*** Records provided ***

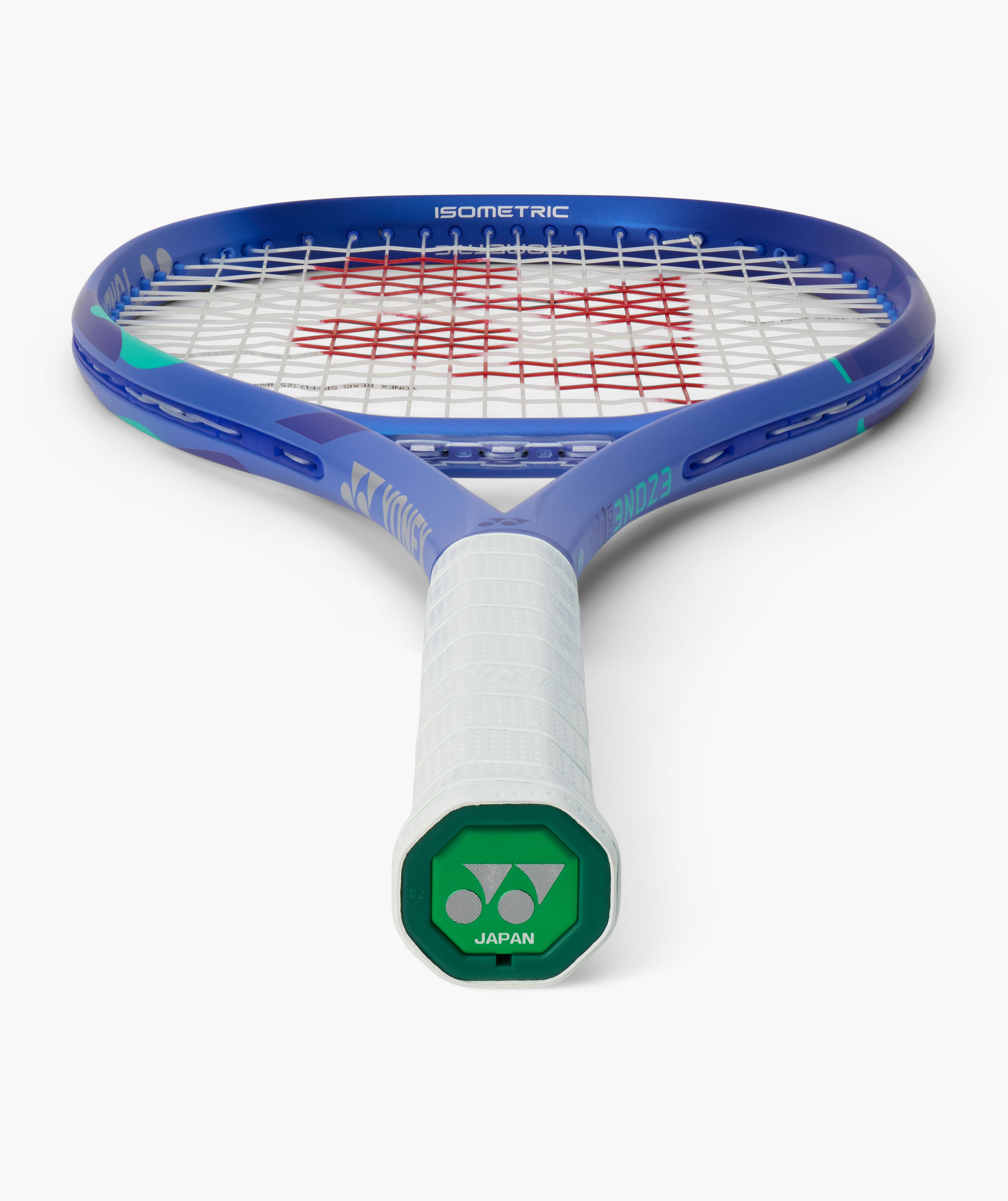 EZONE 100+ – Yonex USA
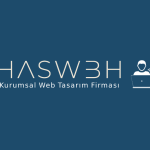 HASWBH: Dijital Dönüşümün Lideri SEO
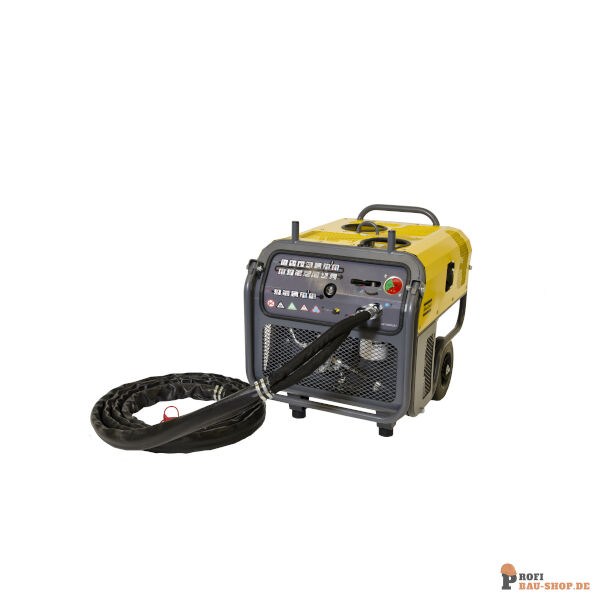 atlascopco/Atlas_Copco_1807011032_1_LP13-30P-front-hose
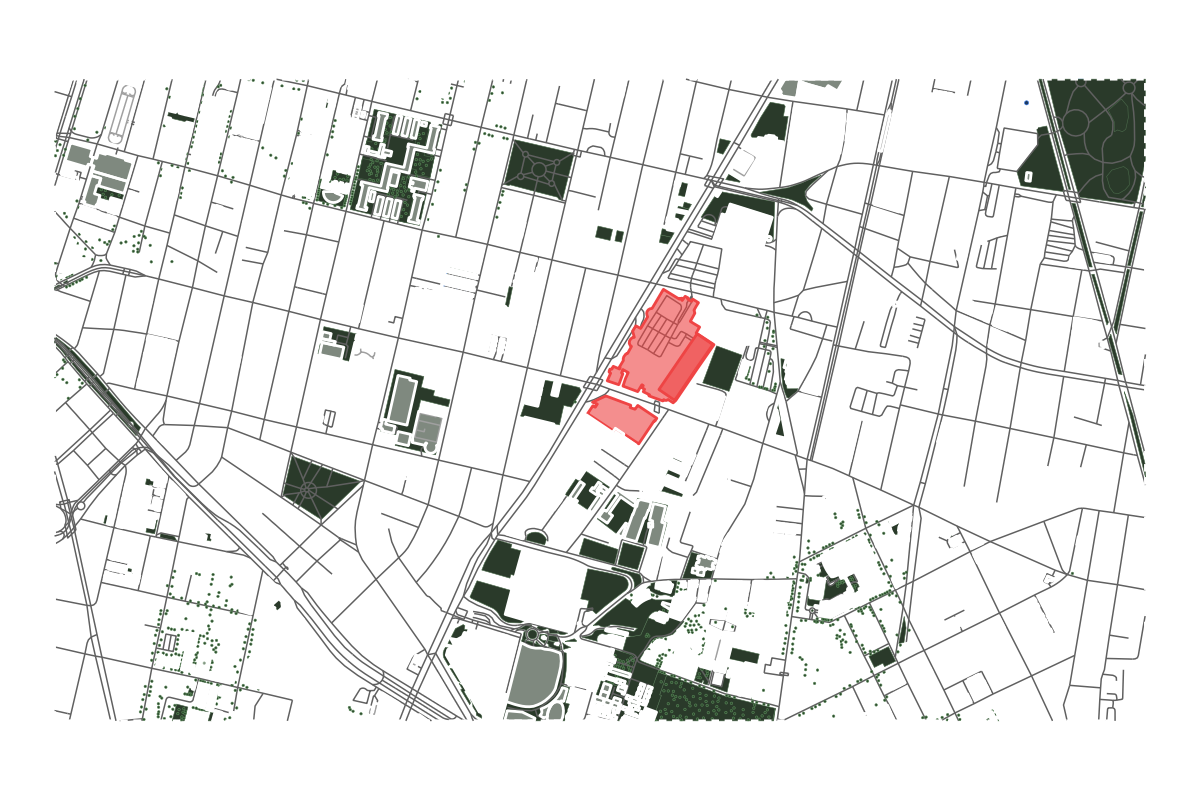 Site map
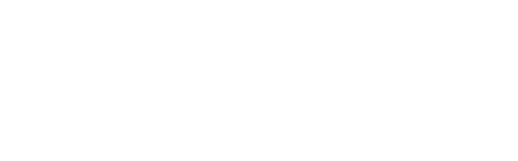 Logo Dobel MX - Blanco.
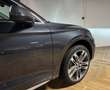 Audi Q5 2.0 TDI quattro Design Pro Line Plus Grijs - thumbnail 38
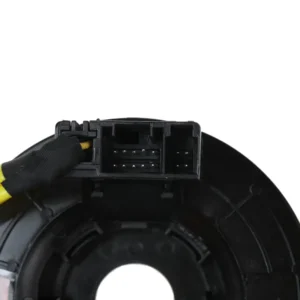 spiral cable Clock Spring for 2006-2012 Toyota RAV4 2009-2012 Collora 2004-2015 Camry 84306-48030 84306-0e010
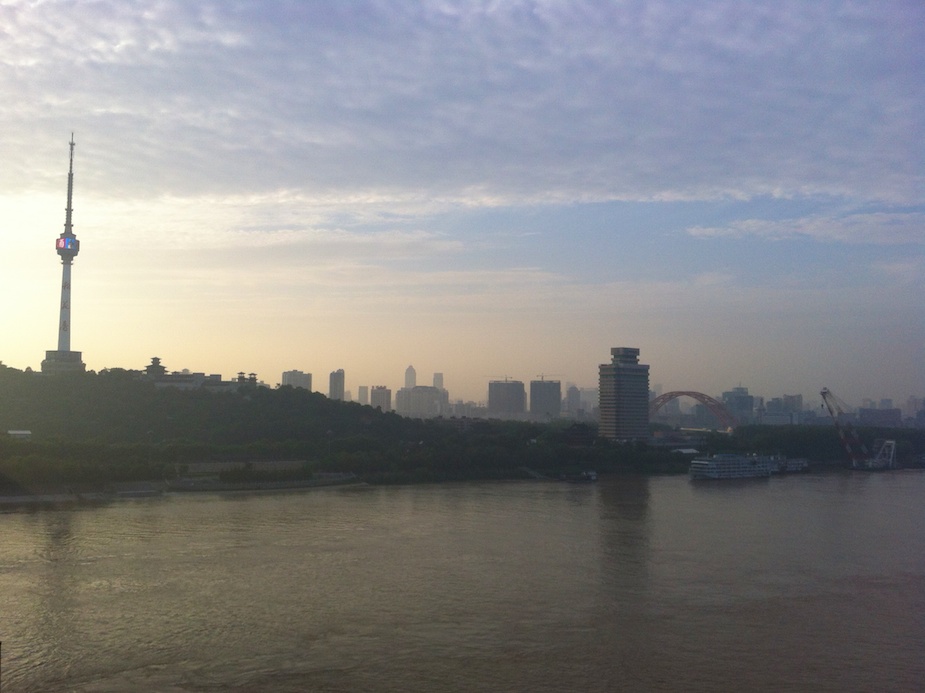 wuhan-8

*** End of Records provided ***

Your assignment: Retype word for word the span of lines above that begins with the line containing "HASWBH: Dijital Dönüşümün Lideri SEO" and ends with the last line of the records; skip all pictures.

Final answer:
 HASWBH: Dijital Dönüşümün Lideri SEO
 atlascopco/Atlas_Copco_1807011032_1_LP13-30P-front-hose
 Site map
 Logo Dobel MX - Blanco.
 Audi Q5 2.0 TDI quattro Design Pro Line Plus Grijs - thumbnail 38
 spiral cable Clock Spring for 2006-2012 Toyota RAV4 2009-2012 Collora 2004-2015 Camry 84306-48030 84306-0e010
 wuhan-8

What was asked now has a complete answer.